_TASK TO CARRY OUT:_
Can the data below be set down again exactly, line for line?

_RECORDS PROVIDED:_
++++++++

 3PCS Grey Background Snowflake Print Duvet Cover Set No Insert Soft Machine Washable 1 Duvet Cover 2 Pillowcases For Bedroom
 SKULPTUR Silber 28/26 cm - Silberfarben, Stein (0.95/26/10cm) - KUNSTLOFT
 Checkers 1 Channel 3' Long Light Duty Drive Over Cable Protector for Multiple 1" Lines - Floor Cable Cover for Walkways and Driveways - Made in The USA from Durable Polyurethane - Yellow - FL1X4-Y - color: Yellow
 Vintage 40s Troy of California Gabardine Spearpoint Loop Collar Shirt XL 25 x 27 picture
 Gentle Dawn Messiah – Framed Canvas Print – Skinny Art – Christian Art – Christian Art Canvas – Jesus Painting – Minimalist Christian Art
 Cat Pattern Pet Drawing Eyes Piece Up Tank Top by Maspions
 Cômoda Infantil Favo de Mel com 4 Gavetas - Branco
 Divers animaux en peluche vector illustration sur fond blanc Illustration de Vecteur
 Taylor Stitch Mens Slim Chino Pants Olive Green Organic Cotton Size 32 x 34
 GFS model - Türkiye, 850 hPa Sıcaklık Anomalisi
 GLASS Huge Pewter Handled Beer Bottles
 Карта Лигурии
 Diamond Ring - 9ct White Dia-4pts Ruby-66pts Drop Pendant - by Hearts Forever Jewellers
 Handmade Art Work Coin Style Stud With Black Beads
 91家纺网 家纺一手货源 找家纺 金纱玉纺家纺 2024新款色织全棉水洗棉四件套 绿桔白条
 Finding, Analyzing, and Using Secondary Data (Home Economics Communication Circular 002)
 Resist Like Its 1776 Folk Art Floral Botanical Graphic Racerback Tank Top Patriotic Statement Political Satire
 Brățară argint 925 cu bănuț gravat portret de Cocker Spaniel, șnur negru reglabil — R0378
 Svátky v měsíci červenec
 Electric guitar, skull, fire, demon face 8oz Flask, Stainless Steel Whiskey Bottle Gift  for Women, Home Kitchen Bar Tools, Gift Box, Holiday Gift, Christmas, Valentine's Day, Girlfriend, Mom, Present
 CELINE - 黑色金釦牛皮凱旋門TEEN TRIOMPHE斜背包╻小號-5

++++++++

_SOLUTION TO THIS PROBLEM:_
 3PCS Grey Background Snowflake Print Duvet Cover Set No Insert Soft Machine Washable 1 Duvet Cover 2 Pillowcases For Bedroom
 SKULPTUR Silber 28/26 cm - Silberfarben, Stein (0.95/26/10cm) - KUNSTLOFT
 Checkers 1 Channel 3' Long Light Duty Drive Over Cable Protector for Multiple 1" Lines - Floor Cable Cover for Walkways and Driveways - Made in The USA from Durable Polyurethane - Yellow - FL1X4-Y - color: Yellow
 Vintage 40s Troy of California Gabardine Spearpoint Loop Collar Shirt XL 25 x 27 picture
 Gentle Dawn Messiah – Framed Canvas Print – Skinny Art – Christian Art – Christian Art Canvas – Jesus Painting – Minimalist Christian Art
 Cat Pattern Pet Drawing Eyes Piece Up Tank Top by Maspions
 Cômoda Infantil Favo de Mel com 4 Gavetas - Branco
 Divers animaux en peluche vector illustration sur fond blanc Illustration de Vecteur
 Taylor Stitch Mens Slim Chino Pants Olive Green Organic Cotton Size 32 x 34
 GFS model - Türkiye, 850 hPa Sıcaklık Anomalisi
 GLASS Huge Pewter Handled Beer Bottles
 Карта Лигурии
 Diamond Ring - 9ct White Dia-4pts Ruby-66pts Drop Pendant - by Hearts Forever Jewellers
 Handmade Art Work Coin Style Stud With Black Beads
 91家纺网 家纺一手货源 找家纺 金纱玉纺家纺 2024新款色织全棉水洗棉四件套 绿桔白条
 Finding, Analyzing, and Using Secondary Data (Home Economics Communication Circular 002)
 Resist Like Its 1776 Folk Art Floral Botanical Graphic Racerback Tank Top Patriotic Statement Political Satire
 Brățară argint 925 cu bănuț gravat portret de Cocker Spaniel, șnur negru reglabil — R0378
 Svátky v měsíci červenec
 Electric guitar, skull, fire, demon face 8oz Flask, Stainless Steel Whiskey Bottle Gift  for Women, Home Kitchen Bar Tools, Gift Box, Holiday Gift, Christmas, Valentine's Day, Girlfriend, Mom, Present
 CELINE - 黑色金釦牛皮凱旋門TEEN TRIOMPHE斜背包╻小號-5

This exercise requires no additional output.